-- Your assignment --
Set down each entry exactly; omit images.

* * * * * * *

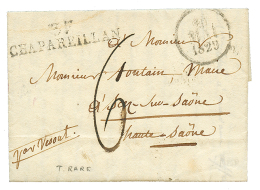 ISERE : 1829 37 CHAPAREILLAN Sur Lettre Avec Texte. RARE. TB. - 1801-1848: Precursori XIX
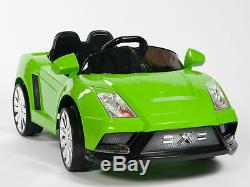 Racer X Green 12V Kids Ride On Car Electric Power Wheels MP3 Remote Control RC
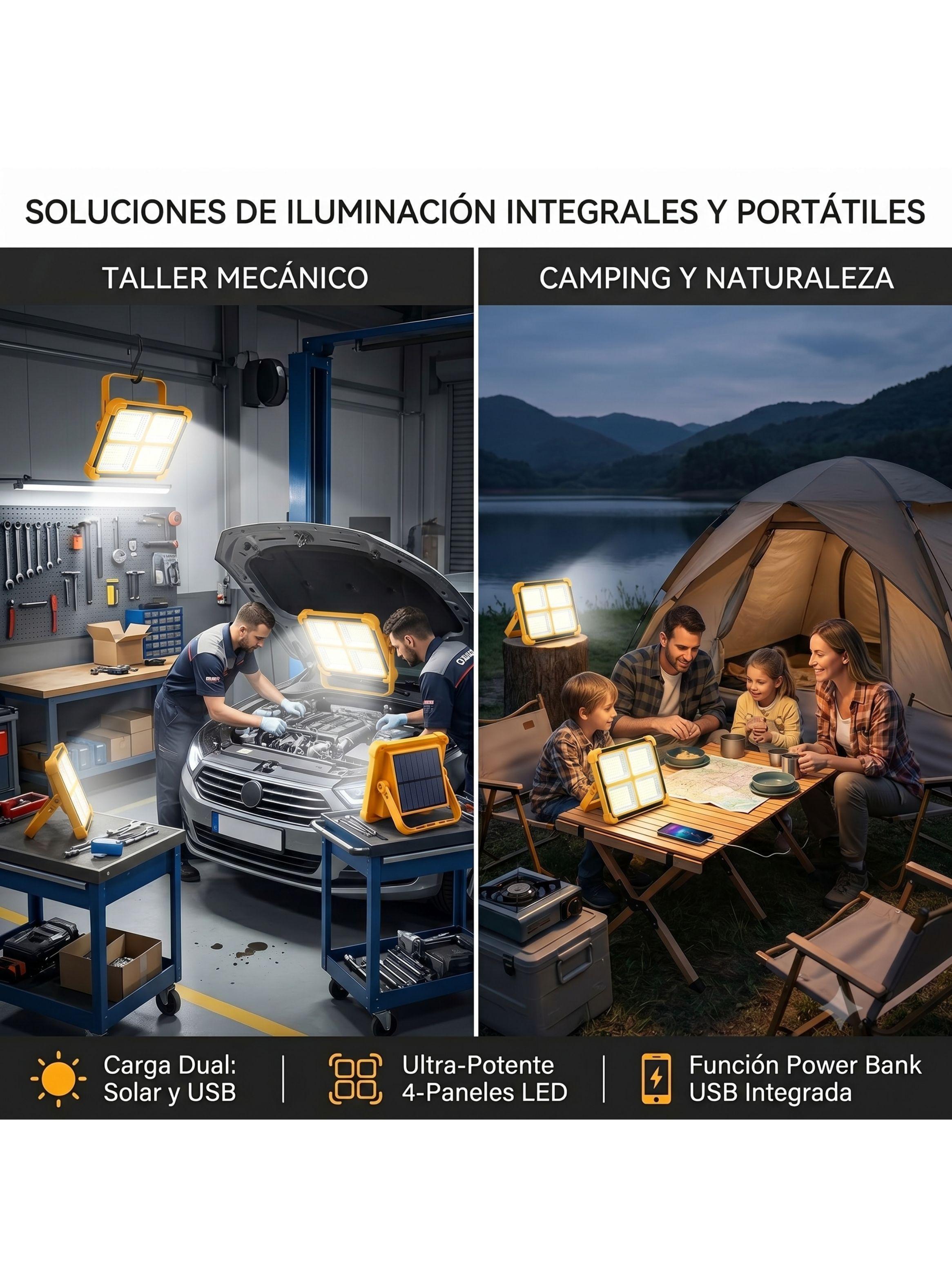 Reflector Solar LED Port til Recargable USB Luz Emergencia-3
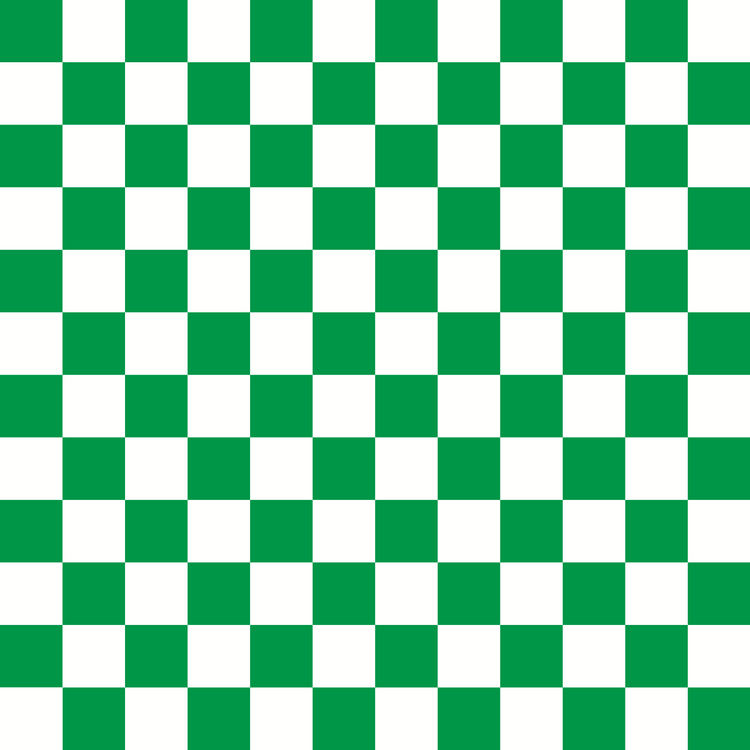 Checkered Design Emerald (Small)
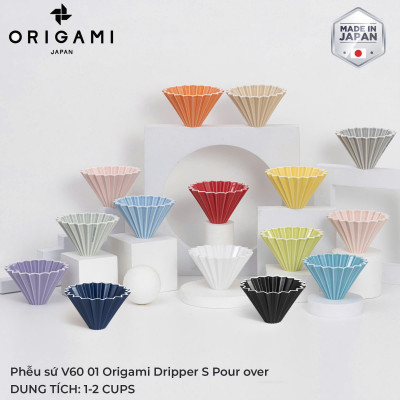 Phễu sứ V60 01 Origami Dripper S Pour over
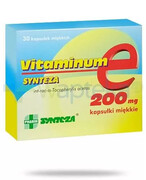 Vitaminum E Synteza 200mg witamina E 30 kapsułek 20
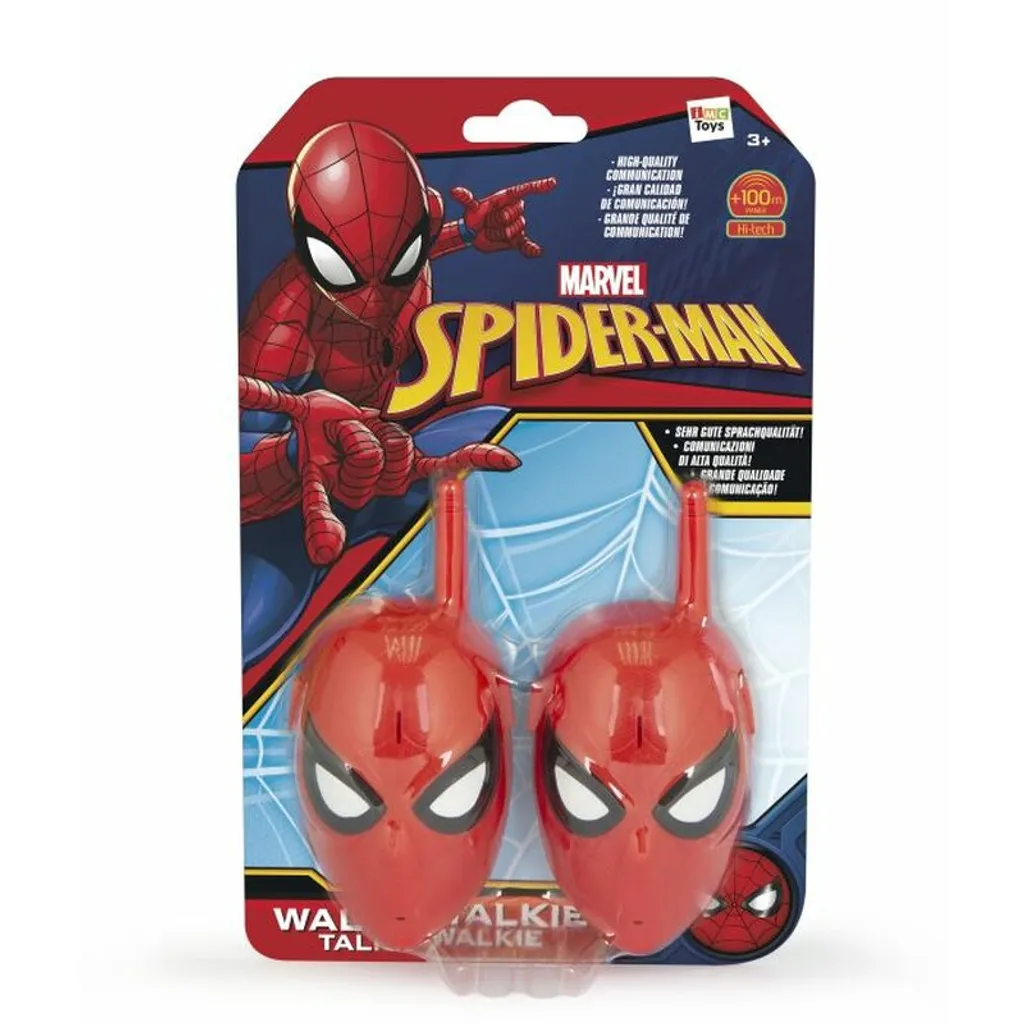 Talkie Walkie Spiderman Incassable - Communication Stable pour Jeunes Fans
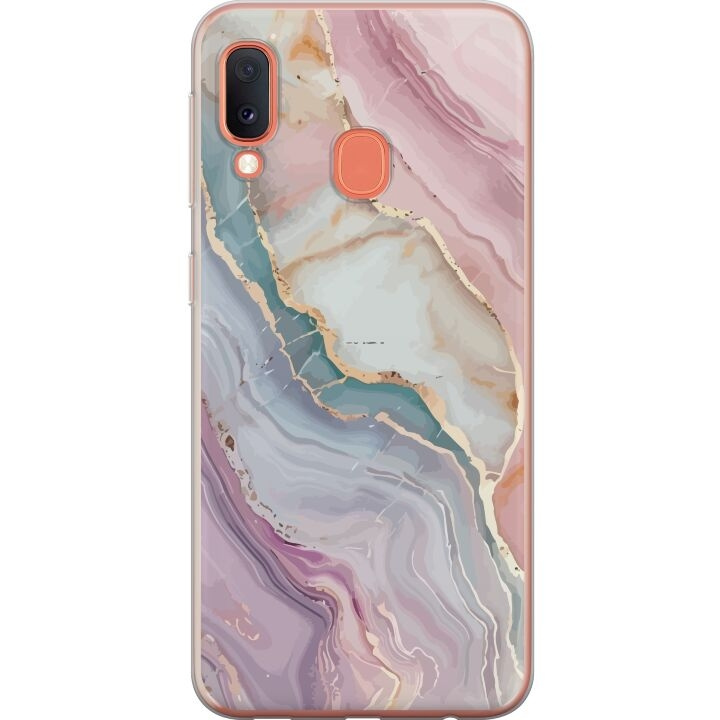 Mobile case for Samsung Galaxy A20e with Marble design in the group SMARTPHONE & TABLETS / Phone cases / Samsung at TP E-commerce Nordic AB (A58845)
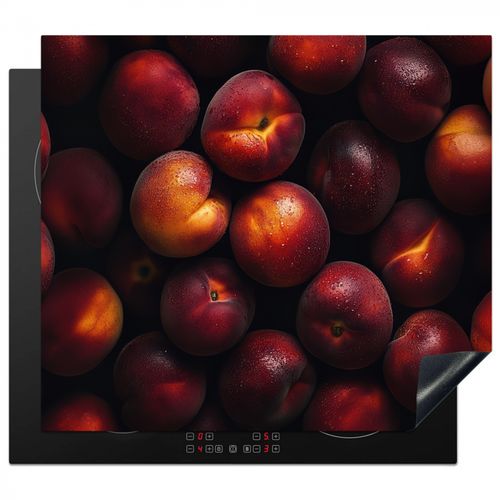 Herdabdeckplatte - Obst - Nahaufnahme - Nektarinen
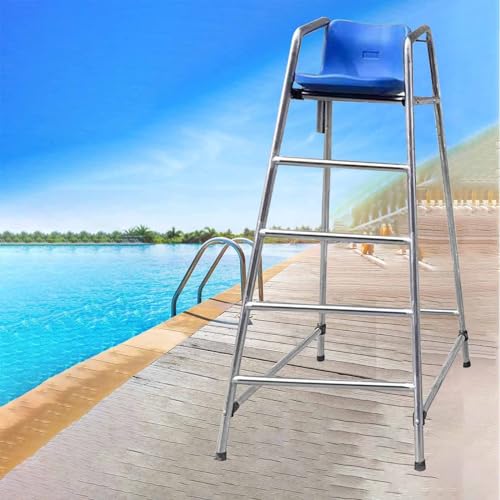 Silla de Socorrista para Piscina Interior y Exterior 1.8 m
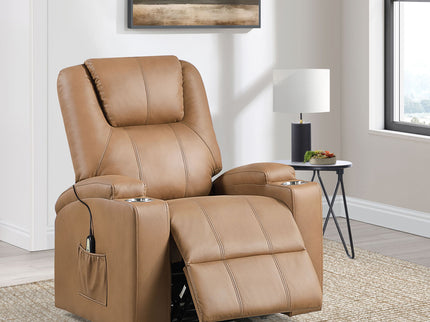 Macklin - Power Lift Massage Recliner With Heat And Dual Cupholders
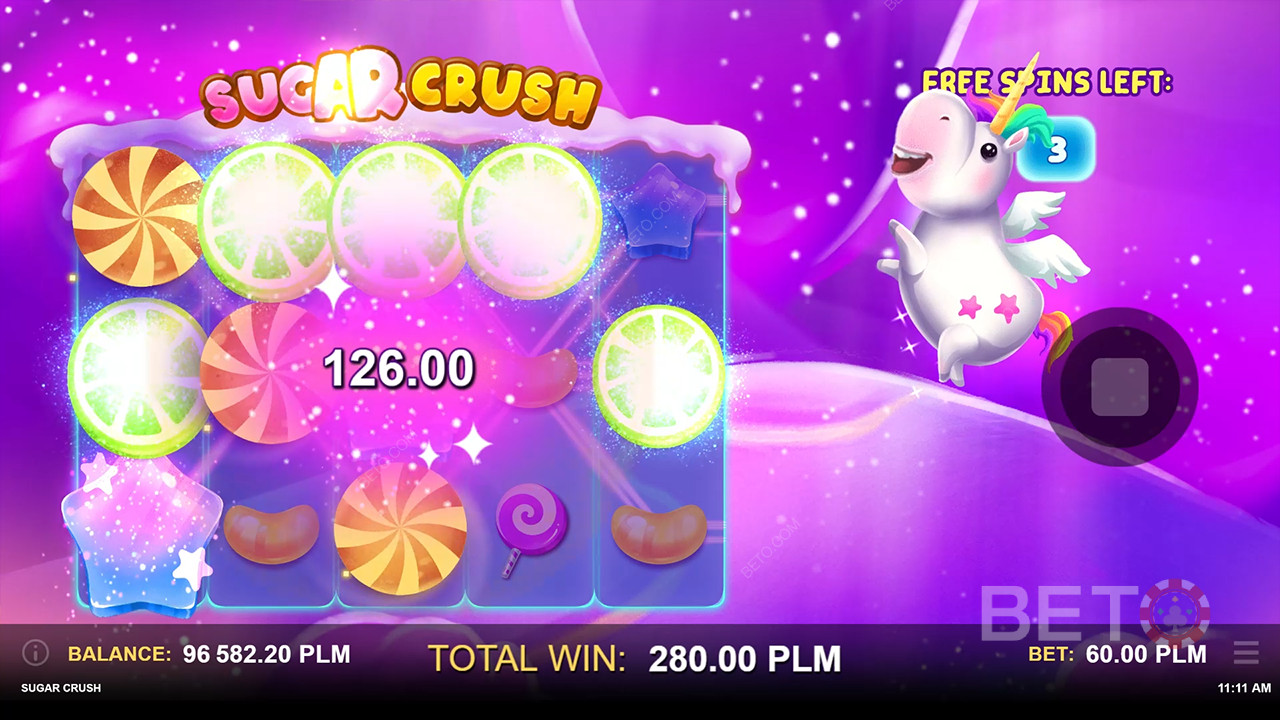 รีวิว Sugar Crush โดย BETO Slots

* * * * * * *

-- Result of this exercise --
 ISERE : 1829 37 CHAPAREILLAN Sur Lettre Avec Texte. RARE. TB. - 1801-1848: Precursori XIX
 Racer X Green 12V Kids Ride On Car Electric Power Wheels MP3 Remote Control RC
 Reflector Solar LED Port til Recargable USB Luz Emergencia-3
 Checkered Design Emerald (Small)
 Phễu sứ V60 01 Origami Dripper S Pour over
 Vitaminum E Synteza 200mg witamina E 30 kapsułek 20
 Talkie Walkie Spiderman Incassable - Communication Stable pour Jeunes Fans
 Mobile case for Samsung Galaxy A20e with Marble design in the group SMARTPHONE & TABLETS / Phone cases / Samsung at TP E-commerce Nordic AB (A58845)
 Herdabdeckplatte - Obst - Nahaufnahme - Nektarinen
 Silla de Socorrista para Piscina Interior y Exterior 1.8 m
 Macklin - Power Lift Massage Recliner With Heat And Dual Cupholders
 รีวิว Sugar Crush โดย BETO Slots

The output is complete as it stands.